Pictures aside, return every line below exactly as written.

Provided data:
[Start of Attachment]

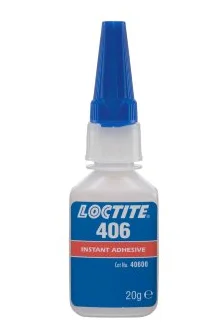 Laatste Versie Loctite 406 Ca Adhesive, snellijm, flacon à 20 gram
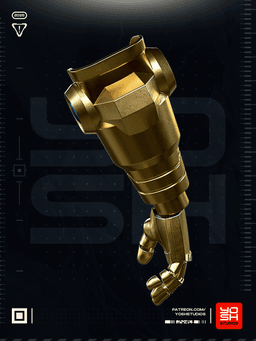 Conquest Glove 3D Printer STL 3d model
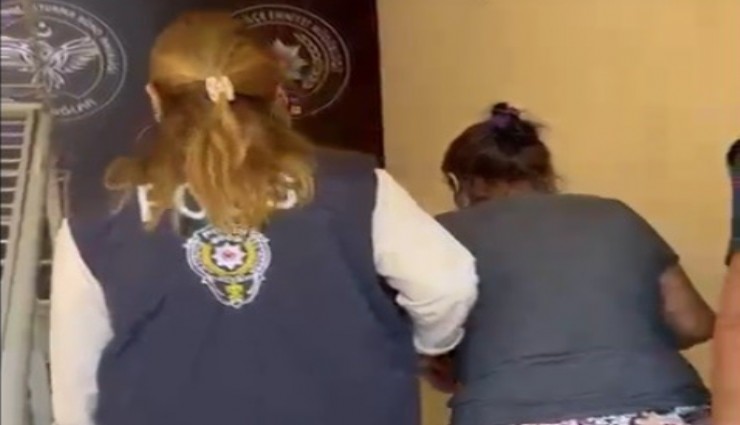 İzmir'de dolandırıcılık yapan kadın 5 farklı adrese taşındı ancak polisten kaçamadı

[End of Attachment]

Response:
 Laatste Versie Loctite 406 Ca Adhesive, snellijm, flacon à 20 gram
 Conquest Glove 3D Printer STL 3d model
 İzmir'de dolandırıcılık yapan kadın 5 farklı adrese taşındı ancak polisten kaçamadı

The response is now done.